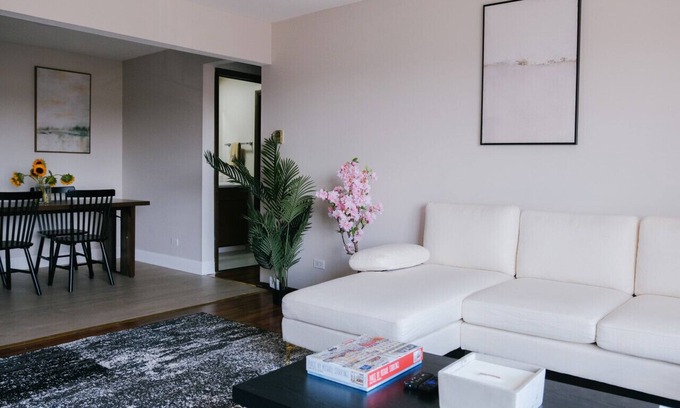 O'Hare Apartment | Personal Gym! Luxury Balcony Condo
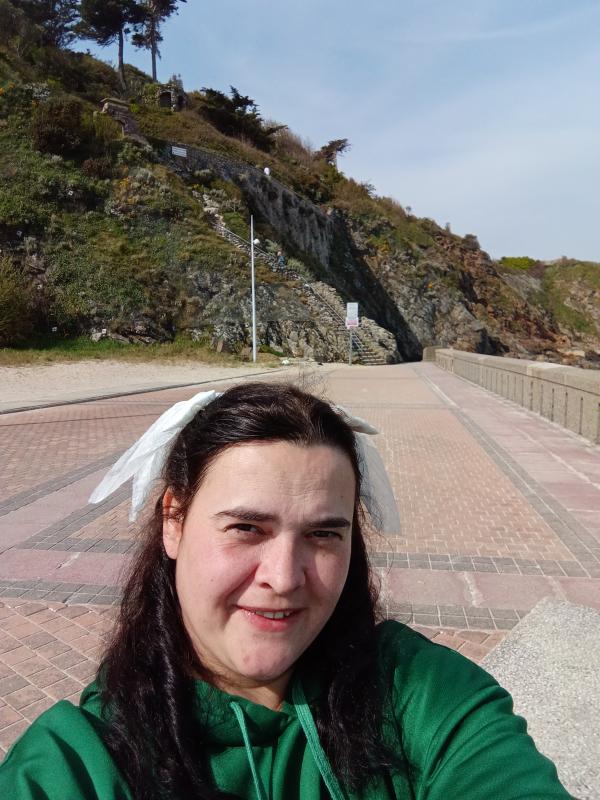 Cciinnddyy  35 ans Donville les Bains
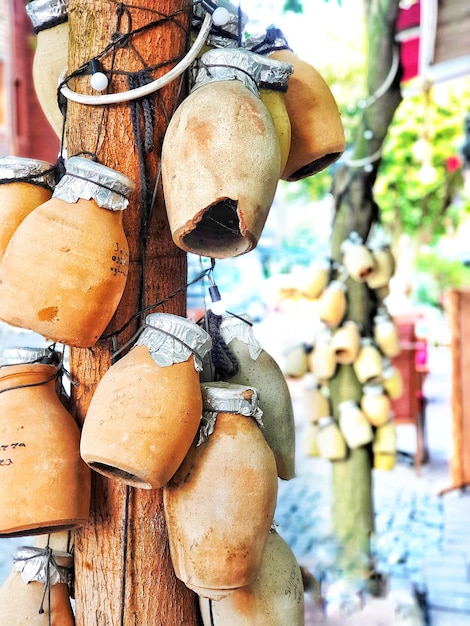 Foto viaggio in turchia concetto tradizionale decorazione fatta a mano vasi di argilla appesi sulla strada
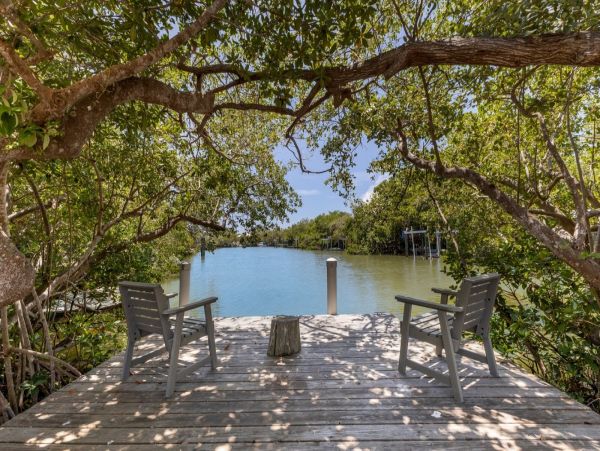 Charming Water Side NEW POOL WOW Anna Maria Island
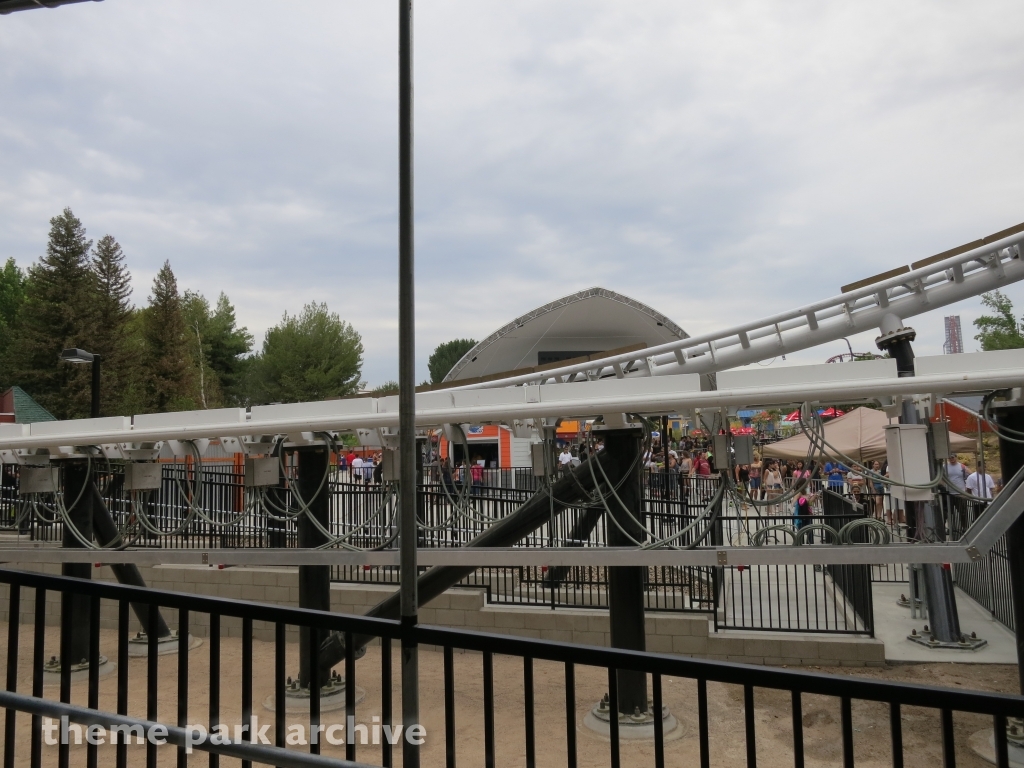 Full Throttle at Six Flags Magic Mountain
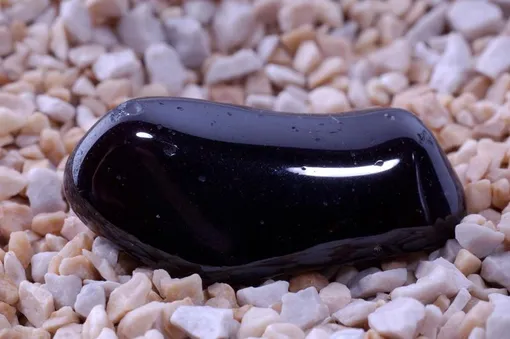 Гранат одаривает богатством и изобилием. Гранат одаривает богатством и изобилием.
____________
Instructions to follow
When a picture appears among the entries, skip it; transcribe everything else exactly.

Solution for this exercise
 O'Hare Apartment | Personal Gym! Luxury Balcony Condo
 Cciinnddyy  35 ans Donville les Bains
 Foto viaggio in turchia concetto tradizionale decorazione fatta a mano vasi di argilla appesi sulla strada
 Charming Water Side NEW POOL WOW Anna Maria Island
 Full Throttle at Six Flags Magic Mountain
 Гранат одаривает богатством и изобилием. Гранат одаривает богатством и изобилием.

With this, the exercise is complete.